Considérant les faits suivants :
c. ZU. été employée par la B MONACO devenue la société anonyme monégasque A à compter du 1er août 1998, suivant contrat à durée déterminée, puis suivant contrat à durée indéterminée, et a exercé en dernier lieu les fonctions de «Responsable Front support» correspondant au grade de Chef de bureaux, classe V, coefficient 562 moyennant une rémunération brute mensuelle de 2.937,12 euros, outre prime bancaire, 5% monégasques.
Elle a été élue le 14 octobre 2010 en qualité de Déléguée du personnel, collège «cadres-titulaires» et son mandat de représentation n'a pas été reconduit aux élections du 17 novembre 2011.
Au mois de mars 2011, une réorganisation de l'entreprise a été engagée sur la base d'un projet « FORCE » visant à renforcer les procédures de contrôle internes à la banque.
Le service « Front support » dont c.
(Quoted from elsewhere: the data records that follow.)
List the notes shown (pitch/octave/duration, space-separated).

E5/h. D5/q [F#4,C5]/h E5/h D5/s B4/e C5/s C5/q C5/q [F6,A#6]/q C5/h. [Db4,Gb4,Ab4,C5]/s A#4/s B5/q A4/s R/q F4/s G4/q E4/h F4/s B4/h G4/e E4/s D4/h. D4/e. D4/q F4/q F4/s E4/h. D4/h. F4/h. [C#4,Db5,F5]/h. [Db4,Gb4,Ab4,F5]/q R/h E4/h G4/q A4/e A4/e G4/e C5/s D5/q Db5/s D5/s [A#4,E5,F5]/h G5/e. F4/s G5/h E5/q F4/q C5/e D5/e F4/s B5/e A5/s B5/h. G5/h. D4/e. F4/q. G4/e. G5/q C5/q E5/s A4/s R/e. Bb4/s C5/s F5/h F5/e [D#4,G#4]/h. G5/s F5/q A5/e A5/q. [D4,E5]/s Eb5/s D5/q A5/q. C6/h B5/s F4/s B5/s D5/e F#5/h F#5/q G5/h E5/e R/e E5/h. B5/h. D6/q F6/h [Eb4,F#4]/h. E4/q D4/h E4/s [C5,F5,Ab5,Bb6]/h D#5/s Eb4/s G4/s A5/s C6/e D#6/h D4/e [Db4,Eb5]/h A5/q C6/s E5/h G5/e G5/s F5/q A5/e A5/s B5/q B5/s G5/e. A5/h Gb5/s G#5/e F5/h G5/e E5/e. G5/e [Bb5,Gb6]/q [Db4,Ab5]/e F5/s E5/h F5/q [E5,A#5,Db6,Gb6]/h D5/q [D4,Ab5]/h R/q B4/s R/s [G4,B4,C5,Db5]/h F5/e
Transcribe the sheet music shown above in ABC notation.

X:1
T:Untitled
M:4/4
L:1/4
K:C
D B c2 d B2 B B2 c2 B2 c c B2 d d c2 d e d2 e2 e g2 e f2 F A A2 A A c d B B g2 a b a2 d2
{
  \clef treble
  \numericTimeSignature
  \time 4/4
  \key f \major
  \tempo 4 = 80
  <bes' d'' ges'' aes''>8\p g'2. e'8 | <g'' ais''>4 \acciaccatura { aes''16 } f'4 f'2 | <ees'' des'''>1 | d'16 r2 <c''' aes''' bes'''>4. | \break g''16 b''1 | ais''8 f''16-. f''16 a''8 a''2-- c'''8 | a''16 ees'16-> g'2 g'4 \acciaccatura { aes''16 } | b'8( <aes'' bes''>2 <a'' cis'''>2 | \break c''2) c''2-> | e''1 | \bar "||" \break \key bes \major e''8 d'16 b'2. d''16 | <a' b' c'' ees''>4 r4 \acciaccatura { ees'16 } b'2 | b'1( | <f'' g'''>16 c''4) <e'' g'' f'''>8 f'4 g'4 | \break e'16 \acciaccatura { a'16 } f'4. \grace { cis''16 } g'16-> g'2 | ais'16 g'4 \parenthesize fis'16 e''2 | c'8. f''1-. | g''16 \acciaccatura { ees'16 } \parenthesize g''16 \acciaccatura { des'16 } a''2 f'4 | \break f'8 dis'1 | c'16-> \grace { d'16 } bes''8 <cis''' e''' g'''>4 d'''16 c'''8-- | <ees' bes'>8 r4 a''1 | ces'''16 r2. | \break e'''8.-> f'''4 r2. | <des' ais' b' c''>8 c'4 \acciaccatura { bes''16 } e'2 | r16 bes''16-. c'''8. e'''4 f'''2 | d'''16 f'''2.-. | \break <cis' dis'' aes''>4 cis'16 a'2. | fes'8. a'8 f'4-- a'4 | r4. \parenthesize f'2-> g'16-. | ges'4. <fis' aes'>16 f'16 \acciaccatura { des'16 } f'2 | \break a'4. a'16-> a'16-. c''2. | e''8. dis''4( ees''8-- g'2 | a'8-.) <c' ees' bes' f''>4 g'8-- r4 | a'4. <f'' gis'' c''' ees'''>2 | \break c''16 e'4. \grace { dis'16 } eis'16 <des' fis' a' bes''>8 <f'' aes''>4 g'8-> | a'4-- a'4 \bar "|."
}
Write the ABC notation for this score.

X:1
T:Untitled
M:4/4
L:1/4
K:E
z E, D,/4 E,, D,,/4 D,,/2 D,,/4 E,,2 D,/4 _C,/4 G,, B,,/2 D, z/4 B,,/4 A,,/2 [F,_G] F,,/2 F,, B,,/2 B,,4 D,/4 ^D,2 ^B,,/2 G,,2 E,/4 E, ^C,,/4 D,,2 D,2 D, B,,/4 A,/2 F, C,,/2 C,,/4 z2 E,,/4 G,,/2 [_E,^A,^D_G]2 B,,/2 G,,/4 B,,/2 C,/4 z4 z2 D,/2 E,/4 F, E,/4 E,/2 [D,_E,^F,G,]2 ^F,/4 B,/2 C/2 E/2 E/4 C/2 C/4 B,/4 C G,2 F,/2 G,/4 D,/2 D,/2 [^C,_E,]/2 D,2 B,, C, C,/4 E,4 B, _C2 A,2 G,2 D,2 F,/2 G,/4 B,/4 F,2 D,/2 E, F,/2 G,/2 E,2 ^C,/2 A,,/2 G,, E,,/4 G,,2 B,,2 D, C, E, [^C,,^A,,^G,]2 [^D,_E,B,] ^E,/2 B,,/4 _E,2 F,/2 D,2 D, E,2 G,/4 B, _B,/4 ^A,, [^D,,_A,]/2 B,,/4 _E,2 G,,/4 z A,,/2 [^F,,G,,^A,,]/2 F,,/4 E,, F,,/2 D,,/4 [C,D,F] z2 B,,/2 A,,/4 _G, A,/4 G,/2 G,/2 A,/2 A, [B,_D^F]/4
ZU. était responsable est devenu « Pôle Surveillance Permanente ». Cette réorganisation impliquait une définition des tâches relevant du nouveau poste de responsable du « Pôle Surveillance Permanente » que l'employeur envisageait de confier à la salariée.
Après plusieurs échanges entre les parties, par courrier RAR du 9 janvier 2012, la SGPB lui notifiait une proposition de modification de son contrat de travail libellée comme suit :
« Nous faisons suite à vos divers échanges du dernier trimestre 2011 avec a. RO., Directeur Commercial de la Gestion Privée, aux termes desquels vous vous plaigniez notamment d'un manque d'information de la Direction sur l'évolution de votre poste et lui indiquiez que cette évolution ne vous convenait pas.
Nous vous rappelons à ce sujet que le projet FORCE, mis en place au niveau du Groupe, nous contraint depuis le mois de mars 2011 à opérer une réorganisation interne de notre Société.
Dans le cadre de cette réorganisation, laquelle s'avère tout aussi nécessaire à la compliance de nos activités avec celles du Groupe qu'au renforcement de la sécurité de nos procédures internes, nous avons rebaptisé le service Front Support dont vous étiez responsable en Pôle Surveillance Permanente de la Gestion Privée.
Ce Pôle, dont vous demeurez la responsable, relèvera désormais du périmètre de responsabilité du Middle Office Opérations, sous l'autorité hiérarchique de Pablo GU., Responsable des Opérations du Middle Office Gestion Privée ; et sous l'autorité fonctionnelle de Maryline BO., elle-même rattachée au Directeur Général de l'entité.
L'atelier contrôles qui s'est tenu fin juin 2011 a en effet conclu à la nécessité de déplacer le contrôle des activités du Front Office vers le Middle Office ; à ce titre, le Pôle Surveillance Permanente sera physiquement relocalisé dans les meilleurs délais (au plus tard à la date de votre retour), en nos locaux X à Monaco.
Nous tenons ici à vous préciser que ce déplacement ne remet en aucun cas en cause le périmètre des contrôles ni encore moins la qualité de votre travail, mais vise notamment à prévenir de potentiels conflits d'intérêts.
Bien entendu, votre qualification de responsable de service, vos grade, classe, coefficient, rémunération et avantages demeurent strictement identiques.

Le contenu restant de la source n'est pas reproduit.